Mike Ozekhome, a senior advocate of Nigeria (SAN), says there is a need to interrogate the supreme court judgement declaring Hope Uzodinma winner of the 2019 Imo governorship election.
The Independent National Electoral Commission (INEC) had declared Emeka Ihedioha winner of the election but Uzodinma, who came fourth, challenged the outcome of the election in court.
On Tuesday, in a unanimous decision, a seven-man panel of the apex court sacked Ihedioha and asked INEC to return Uzodinma as the elected governor.
Reacting in a statement, Ozekhome said the supreme court decision was final but analysts must check whether the judgement was delivered according to the law.
“There is ordinarily a presumption by the society that the supreme court, being the final court of the land, is supposed to be right in its decisions, after rigorous and painstaking perusal of cases brought before it between feuding parties,” he said.
“However, the next stage is for legal pundits, analysts and academicians, to dissect the judgement thoroughly, to decipher if it met the justice of the case, having regard to the available facts. I do not have these facts, not being one of the counsel in the appeal. They must interrogate whether the judgement actually delivered justice according to law.
“After all, law is but a handmaid instituted by man to deliver justice. The two are siamese twins. One without the other is bare and vacuous. One area that needs critical analysis and interrogation is what makes a candidate that came 4th in an election to be declared the winner of that election. Another area that requires an urgent answer is why INEC has so failed the nation that presidents and governors are now being packaged and delivered for the country and states, against the clear choice of the electorate at the polls.
“If INEC got its acts right, the judiciary’s frequent interventions would have been greatly minimised.
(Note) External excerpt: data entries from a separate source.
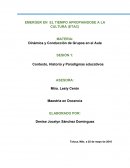 Dinámica y conducción de grupo (sesión 1)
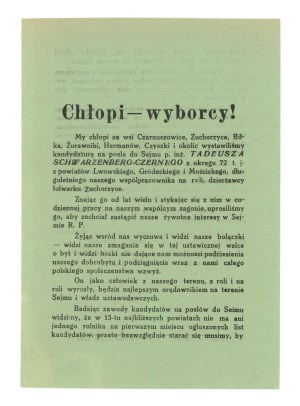 II RP, leaflet - Sejm elections, Lviv district (372)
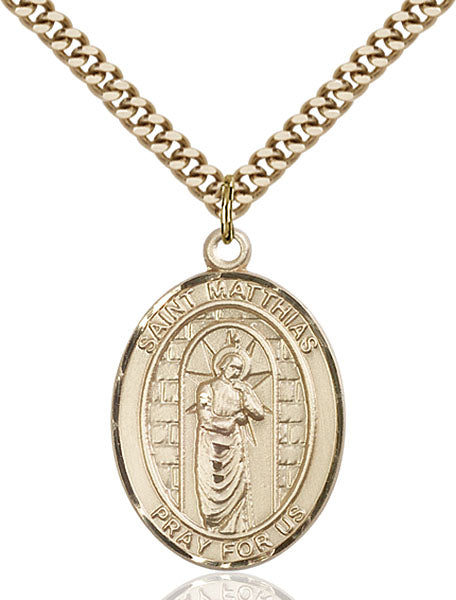 Gold-Filled Saint Matthias the Apostle Necklace Set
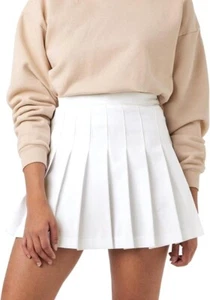 SCKTOO Womens Girl High Waisted Pleated Tennis Skirt, School A-Line Skater Skirt - Picture 1 of 6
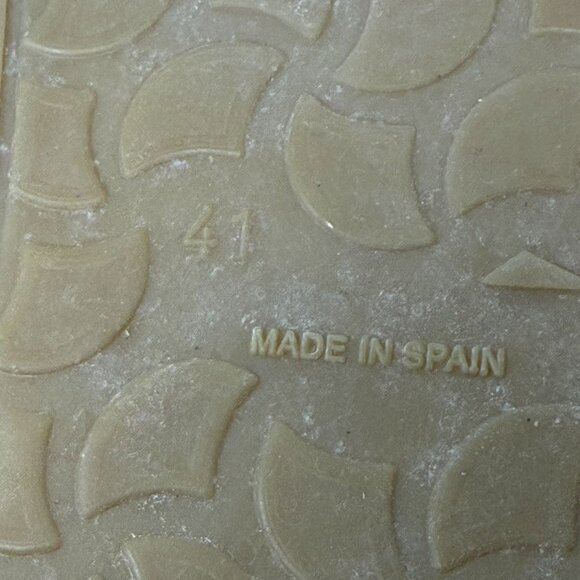 Toni Pons Tan Suede Espadrille Slides Size 41 US 10 Made In Spain Sandals Shoes - Picture 6 of 9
Today, INEC is neither independent, impartial, nor well equipped to count the electorate’s votes and also allow such votes to count. That is the sorry state we are in today, especially since 2015. May God help Nigeria.”
The senior lawyer said he believes in the rule of law and its sanctity, and also believes in total and absolute obedience to court orders.
Obedience to court orders, he added, is one of the inescapable building blocks of constitutional democracy.